When I first get to a lake that I've never been to before, that I'm not very familiar with, or even if after a good weather change like some rain or stuff like that, I'll grab a white Fluke or white lure of some type and put it on a jig head or put it on something that has a weight and drop it in the water and watch it sink. When it disappears, I stop and bring it up, and I see how deep that lure was when it disappeared. That gives me the water clarity.
As a rule of thumb, there's variances and everybody thinks of this rule of thumb a little bit differently, but in my eyes 6 feet and deeper is clear water. 4 to 6 feet is murky water. 2 to 4 feet is stained water, and 0 to 2 feet is muddy water. I take that knowledge that I have of the water clarity and I transfer that into my bait colors, if I'm fishing plastics. We're not going to talk about vibration, vibration is not a color. We'll talk about that in another video.

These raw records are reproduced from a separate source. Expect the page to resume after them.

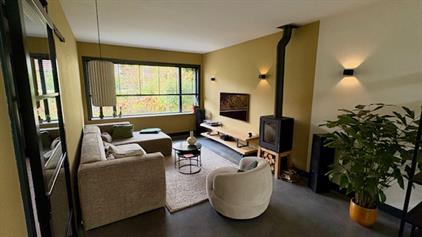 Te huur: Bilthoven / €750,00 p.m. / 130,00m2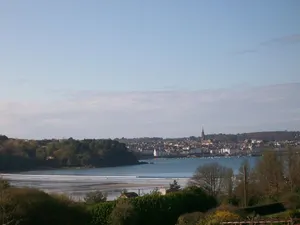 Image of Les Terrasses du Ris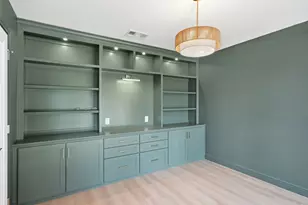 2369 Claridge Cir, Plano, TX 75075 - Photo 22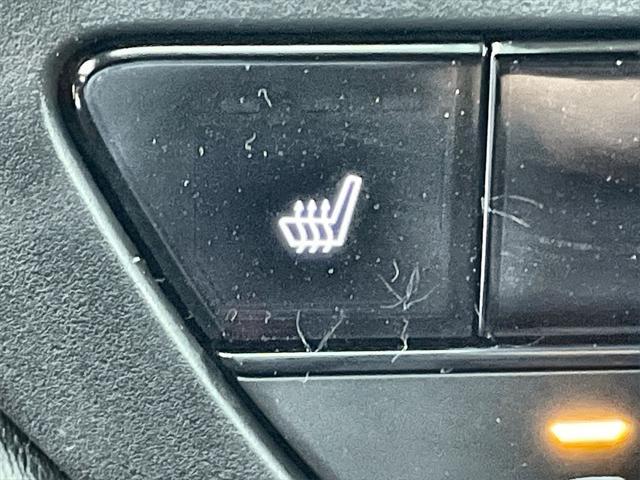 new 2025 Honda Accord car, priced at $29,488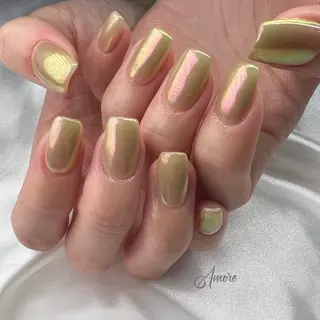 ネイル You kyehwaのネイルデザイン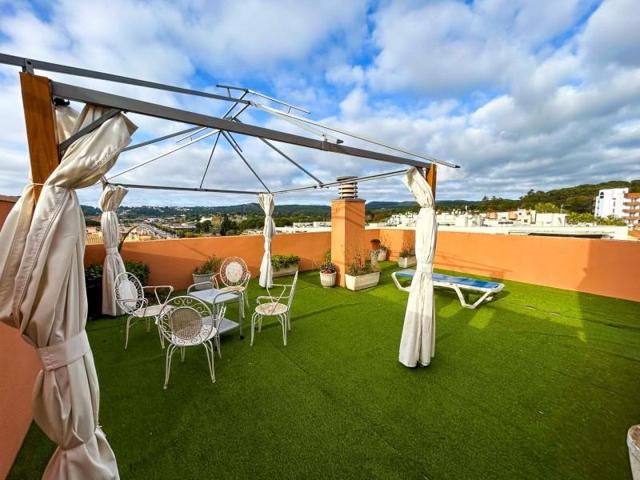 Apartamento en venta en Lloret de Mar, Fenals photo 0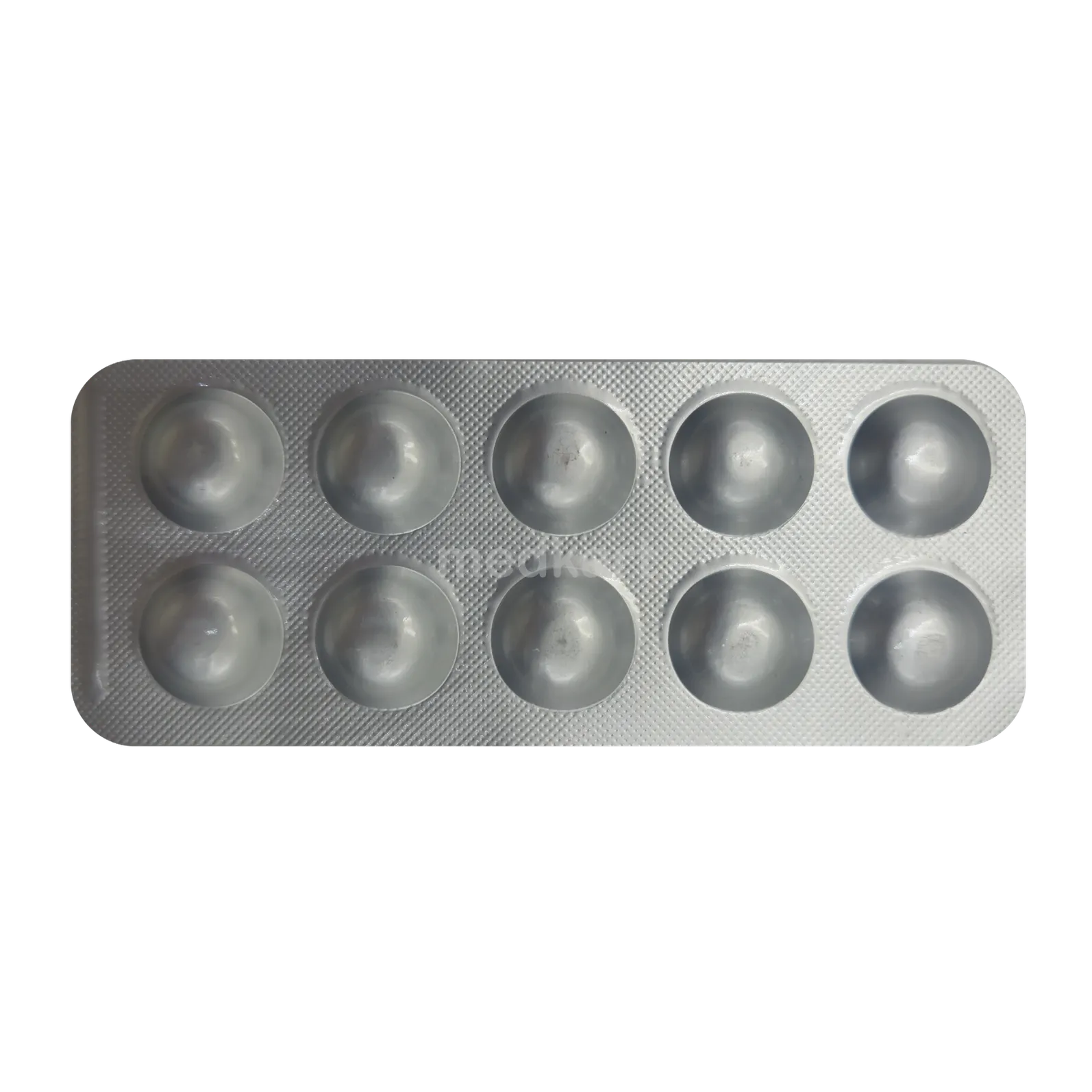 britzilam-sr-100mg-tablet-10s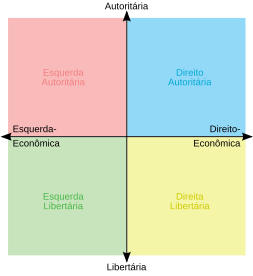 Rafaela Romano tweet media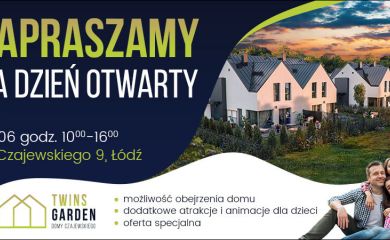 Dzień otwarty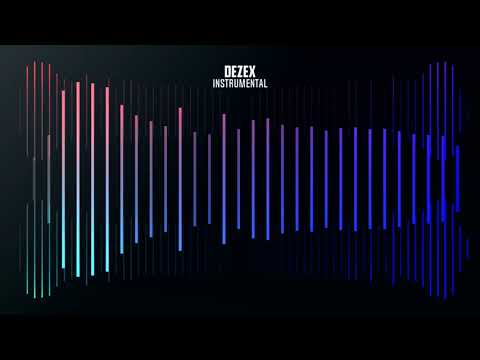 Cypis/Gospel/Kamień/Kaczmi - Kanikułeczki (Instrumental, podkład)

I have a standard, few colors that I keep with me at all times, and they pretty much cover every water color. The colors that I use the most are green pumpkin. Green pumpkin, I will use most of the time. It is good in clear water, good all the way up to stained water. Not so good in muddy water, just because a fish can't see it very well. Black is an all around good color; it will work in the whole spectrum of clarity.

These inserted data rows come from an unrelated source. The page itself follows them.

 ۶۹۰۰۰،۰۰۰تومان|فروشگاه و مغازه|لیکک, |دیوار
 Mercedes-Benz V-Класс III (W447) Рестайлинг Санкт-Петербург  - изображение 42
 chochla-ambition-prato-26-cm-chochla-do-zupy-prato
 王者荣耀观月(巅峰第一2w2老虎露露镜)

If I'm fishing really clear water, which in the majority of lakes that I fish around here in Clarksville, Richmond Mill, in North Carolina, and several of the other lakes are fairly clear. When I'm choosing colors for clear water, kind of a little trick that I do is if I hold this lure up, this is a plum crazy, if I hold it up to the sun and the sun shines through it, it's a fairly good clear-water color. Then it's up to what type of color the bass wants; watermelon, plum colors, and red bug. Red bug, I have all the time and it works in clear or murky water. Then for your muddy waters, I'm going to almost exclusively fish black. I usually don't fish soft plastic in muddy water; I’ll throw a jig or something like that.

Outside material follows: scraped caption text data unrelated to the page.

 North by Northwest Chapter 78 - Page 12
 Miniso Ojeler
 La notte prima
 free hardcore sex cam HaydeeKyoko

To go over it again, for clear water to stained water, you want to have a natural color; greens, browns, things like that, blacks. In stained to muddy water you want your dark colors; your junebugs, your blacks, things like that, things that are easier to pick up in that muddy water. Then for bright colors, like your metholiates and your chartreuses . . . chartreuse work in clear water and everything else . . . and your whites, I'll use that. I'll use bright color, actually in super-clear water and in muddy water. It's just my preference. It's just my thoughts behind water color, and it’s what's worked for me over the years.